Treasury 30-year zero-coupon bonds have returned 16.7 percent this year, including 15.2 percent in May, according to Bank of America Merrill Lynch indexes.
Strips are outperforming the rest of the $7.9 trillion market for Treasuries…
They’re beating the Standard & Poor’s 500 Index, down 2.46 percent in 2010, and the Reuters/Jefferies CRB Index of 19 commodities, which has fallen 11.3 percent. Treasury Inflation- Protected Securities, or TIPS, developed in 1997, have also lagged behind, gaining 3.32 percent on average.
It’s true that strips are great buys in a deflationary environment, because they carry no reinvestment risk. But it’s also true that these things are highly volatile, and I would think very long and very hard before advising any small or even medium-sized community bank to play in this particular pool.

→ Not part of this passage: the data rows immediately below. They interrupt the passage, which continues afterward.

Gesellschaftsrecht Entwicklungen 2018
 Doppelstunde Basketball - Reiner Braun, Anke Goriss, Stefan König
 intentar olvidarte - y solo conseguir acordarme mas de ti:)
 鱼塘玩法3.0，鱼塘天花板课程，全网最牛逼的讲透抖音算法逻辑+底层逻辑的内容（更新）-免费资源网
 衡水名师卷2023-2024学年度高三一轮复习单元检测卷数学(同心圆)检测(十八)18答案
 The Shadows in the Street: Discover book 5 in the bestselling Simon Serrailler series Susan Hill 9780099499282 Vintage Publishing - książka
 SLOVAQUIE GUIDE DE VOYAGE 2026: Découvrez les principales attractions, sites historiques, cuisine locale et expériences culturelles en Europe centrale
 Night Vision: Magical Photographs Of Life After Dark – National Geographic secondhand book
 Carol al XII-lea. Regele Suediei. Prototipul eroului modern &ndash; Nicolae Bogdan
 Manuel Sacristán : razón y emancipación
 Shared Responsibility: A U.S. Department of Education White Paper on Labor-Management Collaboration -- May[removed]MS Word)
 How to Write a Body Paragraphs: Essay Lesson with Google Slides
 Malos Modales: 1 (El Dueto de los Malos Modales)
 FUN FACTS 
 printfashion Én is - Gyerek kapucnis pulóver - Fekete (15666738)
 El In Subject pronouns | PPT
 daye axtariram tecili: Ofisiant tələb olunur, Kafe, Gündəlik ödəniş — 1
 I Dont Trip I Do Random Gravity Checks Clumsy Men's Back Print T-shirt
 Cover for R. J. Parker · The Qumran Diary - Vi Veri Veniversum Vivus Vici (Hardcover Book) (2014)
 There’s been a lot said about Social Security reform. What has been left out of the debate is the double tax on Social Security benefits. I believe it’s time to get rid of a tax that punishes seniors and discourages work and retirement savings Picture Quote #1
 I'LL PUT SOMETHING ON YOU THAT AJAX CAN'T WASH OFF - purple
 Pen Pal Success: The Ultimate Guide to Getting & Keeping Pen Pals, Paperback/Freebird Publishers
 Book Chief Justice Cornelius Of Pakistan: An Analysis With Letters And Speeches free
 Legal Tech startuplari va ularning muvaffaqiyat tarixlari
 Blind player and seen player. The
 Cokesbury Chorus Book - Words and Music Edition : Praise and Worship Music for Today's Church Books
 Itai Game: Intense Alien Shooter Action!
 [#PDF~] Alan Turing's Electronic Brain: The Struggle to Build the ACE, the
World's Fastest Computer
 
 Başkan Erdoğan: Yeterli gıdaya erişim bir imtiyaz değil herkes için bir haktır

Here’s a graph of the yield on 30-year strips since the beginning of 2008. The 17% return this year, as you’ll see, is positively quiescent by Strips standards, and comes only in the wake of a torrid 2009, in which strips lost about half their value. As for 2008, well, the less said about that, the better:
I’ve mentioned in the past that TIPS strips would be an interesting long-term investment, if they actually traded and existed, which they don’t. But long-dated Treasury bond strips are for sophisticated investors only, and I think it’s very dangerous to read too much into their price action. Either the yield on these things closely tracks the yield on 30-year Treasury bonds, in which case you’re in much safer territory with the more liquid plain-vanilla instrument, or else it goes completely haywire, in which case you’re simply on your own and good luck to you. (It’s not just 2008: note the crazy spike in strips yields one year ago last week.)
If you want to make a leveraged bet on the future direction of interest rates, there are lots of derivatives markets where that’s very easy. If you’re a community bank and you’re barred from making such bets, then you’re basically violating the spirit of those regulations by buying strips. They’re dangerous things, and it’s probably best to stay well away.